Heavy Rain : le test
Shenmue a beau être une série officiellement abandonnée depuis bientôt 10 ans, la saga continue à alimenter des discussions enflammées et autres espoirs infondés. Yakuza, parfois considéré comme sa suite spirituelle, peine à s’imposer dans les cœurs malgré des ventes au Japon tout à fait impressionnantes. Cependant, de plus en plus repliés sur eux dans le média, les Japonais plébiscitent l’intrigue mafieuse dans Tokyo plutôt que les avancées ludiques. Et pour cause, Ryû ga Gotoku est peut-être plus rigide encore que ne l’était Shenmue en 1999.
Contre toute attente, c’est plutôt du côté des petits Français qu’il va falloir chercher une suite spirituelle aux aventures de Ryô Hazuki. Car Heavy Rain a tout du petit frère de génie, à tel point d’ailleurs que, sans son environnement de province japonaise et le charisme éblouissant de son protagoniste, Shenmue passerait presque pour le brouillon du genre. Son fils spirituel, en tout cas, n’a pas ménagé ses efforts pour promouvoir les pistes explorées. Celles qui tentent de dépasser le statut fainéant dans lequel le jeu vidéo 🎮 s’est peu à peu embourbé.
Alors, Heavy Rain tente ni plus ni moins d’insuffler un nouvel espoir au média. Avec d’un côté des Japonais cristallisés par l’évolution stupéfiante du marché mobile dans les années 2000 puis leurs chutes de ventes incontrôlées sur console, et perdus en traduction face aux demandes des occidentaux ; d’un autre côté, ces mêmes occidentaux auto-enchaînés dans des déversements de violence guerrière et de radio-bière 🍺-foot, narcissiques de leur grosse puissance graphique ; et au niveau global une propension inquiétante à déverser du casual gaming comme parfois une atteinte pure aux règles du ludisme, sous le couvert à peine dissimulé de vendre du temps de cerveau disponible à pépé-mémé ; l’enfant terrible de David Cage tente avec audace de redéfinir la notion même d’interactivité.
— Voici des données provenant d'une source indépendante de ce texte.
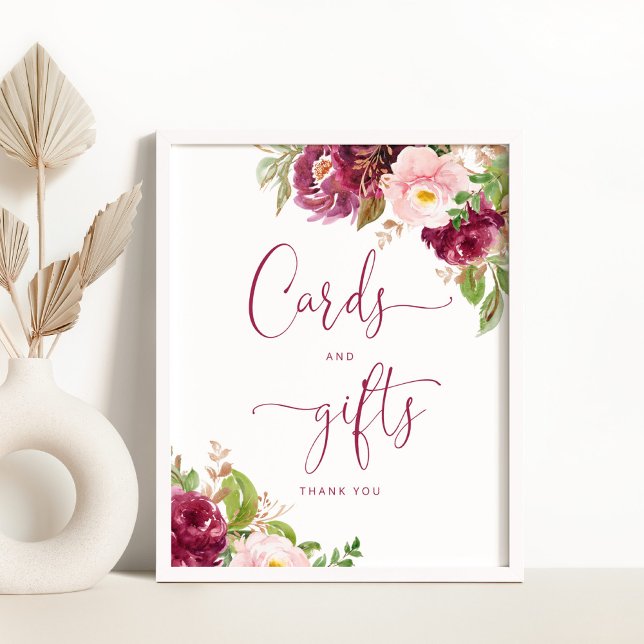 Burgunder Rosa Goldfolie Karten und Geschenke Poster (Von Creator hochgeladen)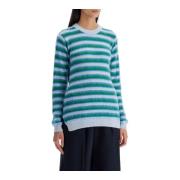 Marni Randig Ull Crewneck Pullover Blue, Dam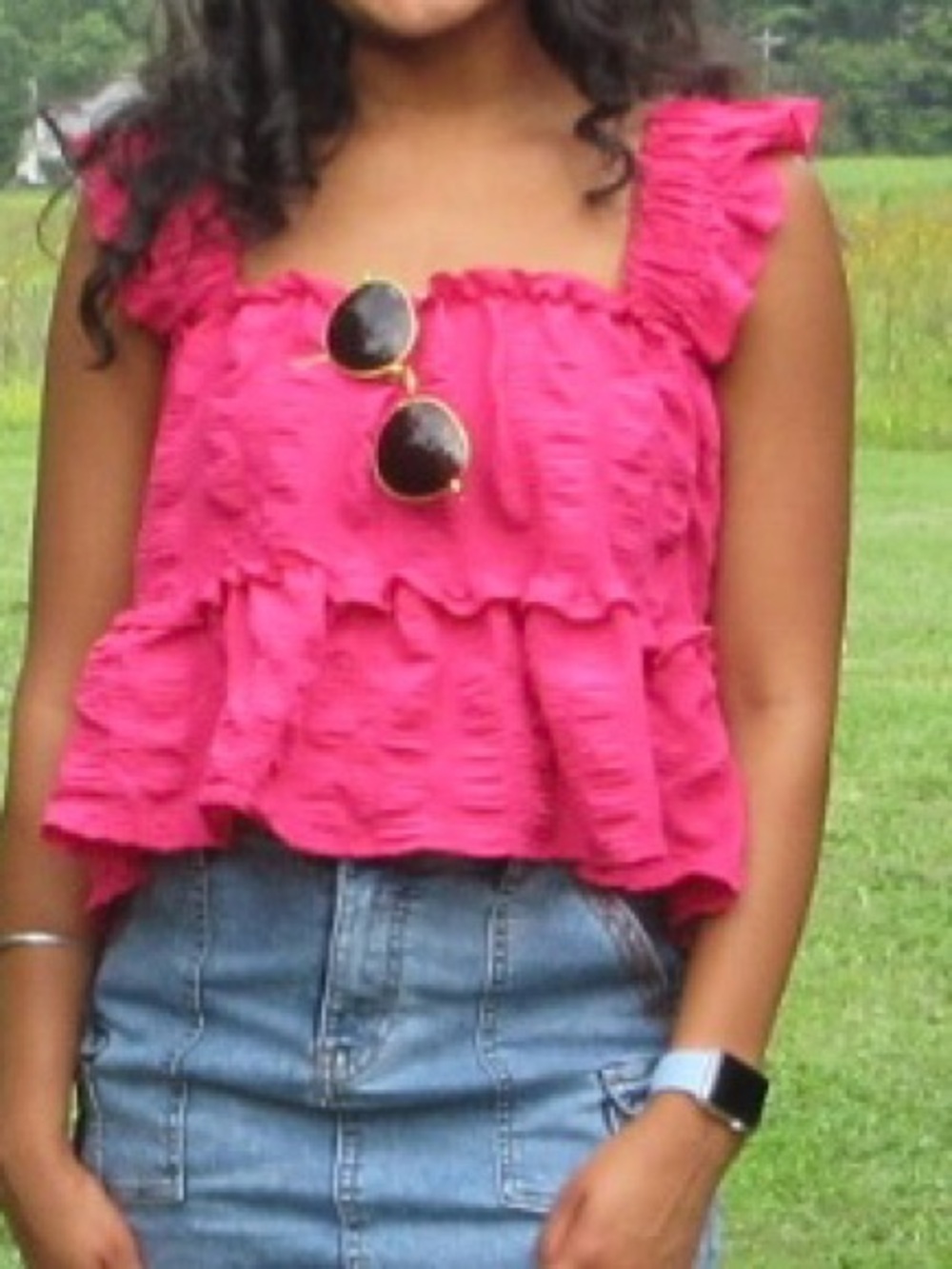 Women’s Ruffle Square-Neck Tank Top - Hot Pink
Certes, il le fait sur des bases déjà (timidement) installées, comme les multiples embranchements, les différentes fins possibles, l’approche mature du scénario, les Quick Time Events, les motion et face capture… Mais il a le mérite de les pousser dans un nivellement par le haut qui souhaite redonner une pertinence au concept de jeu vidéo. Ici en dévoilant une intrigue digne des meilleurs films de cinéma (entre Se7en et Saw), là en osant présenter les rapports humains dans la profondeur ou la nudité telle quelle, puis en donnant tout au long de l’aventure une réelle importance à vos choix dans le déroulement, en impliquant véritablement le joueur dans la progression.
Si le jeu vidéo prétend connaître une facette artistique, c’est clairement à travers Heavy Rain, parmi d’autres, qu’il devra passer. Certes pas exempt de défauts de jeunesse (une certaine linéarité inévitable, la maniabilité pas toujours au poil dans des environnements réduits, certaines textures très en deçà, quelques transitions un peu abruptes, des QTE parfois très scriptés, certains choix trop francs sur la fin), le titre éblouit néanmoins par une maîtrise mature des cartes données en main et ouvre la porte à des recherches encore beaucoup plus abouties autour du concept même de vidéoludisme. Une aventure de jeu dont je suis enfin le héros.